(Brief descriptive captions)
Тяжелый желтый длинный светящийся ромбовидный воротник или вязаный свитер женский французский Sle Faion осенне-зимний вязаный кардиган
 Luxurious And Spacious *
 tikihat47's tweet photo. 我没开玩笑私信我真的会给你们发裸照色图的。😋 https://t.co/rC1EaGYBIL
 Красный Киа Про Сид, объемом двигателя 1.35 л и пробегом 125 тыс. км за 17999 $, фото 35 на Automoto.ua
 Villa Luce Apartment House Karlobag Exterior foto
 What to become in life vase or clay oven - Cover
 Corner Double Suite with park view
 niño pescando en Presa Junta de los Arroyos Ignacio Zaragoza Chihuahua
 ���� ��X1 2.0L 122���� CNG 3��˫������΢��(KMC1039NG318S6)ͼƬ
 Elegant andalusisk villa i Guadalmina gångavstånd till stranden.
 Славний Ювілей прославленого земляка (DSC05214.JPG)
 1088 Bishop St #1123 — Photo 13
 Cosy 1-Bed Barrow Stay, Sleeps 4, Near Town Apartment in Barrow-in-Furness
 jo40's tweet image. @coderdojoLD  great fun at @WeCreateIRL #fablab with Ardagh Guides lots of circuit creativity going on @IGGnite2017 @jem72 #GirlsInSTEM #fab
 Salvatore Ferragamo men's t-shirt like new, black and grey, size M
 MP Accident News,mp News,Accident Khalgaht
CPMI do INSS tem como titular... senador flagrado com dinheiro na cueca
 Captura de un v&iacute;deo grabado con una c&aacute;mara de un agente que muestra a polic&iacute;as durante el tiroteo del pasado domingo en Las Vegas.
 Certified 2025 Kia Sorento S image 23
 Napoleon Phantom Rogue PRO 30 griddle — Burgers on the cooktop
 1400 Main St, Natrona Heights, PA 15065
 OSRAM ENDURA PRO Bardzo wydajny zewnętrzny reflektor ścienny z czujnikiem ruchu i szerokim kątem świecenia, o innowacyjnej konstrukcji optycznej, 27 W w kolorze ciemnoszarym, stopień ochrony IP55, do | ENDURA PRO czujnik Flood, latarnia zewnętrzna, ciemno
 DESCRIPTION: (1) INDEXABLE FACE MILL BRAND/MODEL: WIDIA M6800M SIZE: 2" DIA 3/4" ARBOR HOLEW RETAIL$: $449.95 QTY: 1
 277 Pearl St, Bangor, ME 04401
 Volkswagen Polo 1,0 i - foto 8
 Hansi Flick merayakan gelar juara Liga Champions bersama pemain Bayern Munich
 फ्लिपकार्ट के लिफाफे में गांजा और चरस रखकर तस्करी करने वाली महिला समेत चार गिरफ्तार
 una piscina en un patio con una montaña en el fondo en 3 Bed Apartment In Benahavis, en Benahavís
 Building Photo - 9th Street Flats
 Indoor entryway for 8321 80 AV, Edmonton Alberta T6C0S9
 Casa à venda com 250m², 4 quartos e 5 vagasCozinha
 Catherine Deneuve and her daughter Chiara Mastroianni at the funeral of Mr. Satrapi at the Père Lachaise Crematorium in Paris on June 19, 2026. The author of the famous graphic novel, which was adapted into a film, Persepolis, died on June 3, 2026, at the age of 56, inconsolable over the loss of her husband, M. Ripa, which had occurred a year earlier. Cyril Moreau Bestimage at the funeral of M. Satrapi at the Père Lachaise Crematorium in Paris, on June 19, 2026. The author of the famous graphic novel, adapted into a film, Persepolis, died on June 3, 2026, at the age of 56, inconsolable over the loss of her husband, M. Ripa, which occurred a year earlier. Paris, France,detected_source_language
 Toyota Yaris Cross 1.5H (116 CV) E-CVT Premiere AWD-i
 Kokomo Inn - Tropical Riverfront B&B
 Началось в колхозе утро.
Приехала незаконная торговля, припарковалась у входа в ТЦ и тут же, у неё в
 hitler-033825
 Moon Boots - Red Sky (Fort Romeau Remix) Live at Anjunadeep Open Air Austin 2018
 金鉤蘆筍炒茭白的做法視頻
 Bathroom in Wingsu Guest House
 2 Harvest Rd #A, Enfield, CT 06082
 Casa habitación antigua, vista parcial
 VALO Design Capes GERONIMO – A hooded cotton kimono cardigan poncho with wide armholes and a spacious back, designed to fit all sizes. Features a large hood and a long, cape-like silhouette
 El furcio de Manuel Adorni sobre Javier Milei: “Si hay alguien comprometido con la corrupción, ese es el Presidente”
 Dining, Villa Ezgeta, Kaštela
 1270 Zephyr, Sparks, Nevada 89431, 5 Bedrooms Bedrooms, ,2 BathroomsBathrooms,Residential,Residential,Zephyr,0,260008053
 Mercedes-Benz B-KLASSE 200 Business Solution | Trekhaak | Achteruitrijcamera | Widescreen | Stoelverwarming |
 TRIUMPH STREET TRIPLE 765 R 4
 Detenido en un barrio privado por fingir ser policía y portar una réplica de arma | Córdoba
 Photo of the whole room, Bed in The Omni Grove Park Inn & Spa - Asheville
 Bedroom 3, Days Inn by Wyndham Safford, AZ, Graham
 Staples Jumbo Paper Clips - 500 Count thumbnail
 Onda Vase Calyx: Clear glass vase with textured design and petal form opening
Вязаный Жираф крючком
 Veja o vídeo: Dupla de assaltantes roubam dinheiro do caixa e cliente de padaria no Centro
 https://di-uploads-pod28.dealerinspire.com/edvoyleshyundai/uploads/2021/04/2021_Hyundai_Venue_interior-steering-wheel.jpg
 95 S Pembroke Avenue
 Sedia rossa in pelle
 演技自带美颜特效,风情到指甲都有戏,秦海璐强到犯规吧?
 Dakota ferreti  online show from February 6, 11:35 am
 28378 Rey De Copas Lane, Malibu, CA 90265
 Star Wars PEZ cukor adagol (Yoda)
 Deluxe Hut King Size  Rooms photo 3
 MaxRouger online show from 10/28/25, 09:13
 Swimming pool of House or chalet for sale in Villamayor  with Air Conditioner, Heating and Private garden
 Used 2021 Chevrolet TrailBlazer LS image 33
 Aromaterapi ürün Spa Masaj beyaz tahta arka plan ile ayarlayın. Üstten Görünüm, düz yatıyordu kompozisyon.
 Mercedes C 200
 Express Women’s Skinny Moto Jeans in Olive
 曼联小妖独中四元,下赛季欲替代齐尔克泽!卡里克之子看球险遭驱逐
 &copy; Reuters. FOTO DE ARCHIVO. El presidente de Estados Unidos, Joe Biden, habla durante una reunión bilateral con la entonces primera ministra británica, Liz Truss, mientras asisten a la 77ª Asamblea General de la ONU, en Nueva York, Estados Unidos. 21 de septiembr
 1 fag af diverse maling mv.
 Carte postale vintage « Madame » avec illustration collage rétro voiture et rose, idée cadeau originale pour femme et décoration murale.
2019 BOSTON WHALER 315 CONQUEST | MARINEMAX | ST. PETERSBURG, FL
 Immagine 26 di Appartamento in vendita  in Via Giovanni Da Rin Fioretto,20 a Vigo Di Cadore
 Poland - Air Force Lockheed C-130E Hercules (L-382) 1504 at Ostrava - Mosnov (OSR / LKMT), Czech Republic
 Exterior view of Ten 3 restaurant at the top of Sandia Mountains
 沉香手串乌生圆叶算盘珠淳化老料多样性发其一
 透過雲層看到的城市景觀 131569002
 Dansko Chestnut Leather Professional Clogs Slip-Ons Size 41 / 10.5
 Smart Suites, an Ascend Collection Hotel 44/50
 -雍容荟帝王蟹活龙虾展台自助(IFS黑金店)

**PROBLEM TO WORK ON:** What is the number of lines in the entries above that include the word "Exterior"? Answer with that number alone.

**COMPLETED EXERCISE:** 2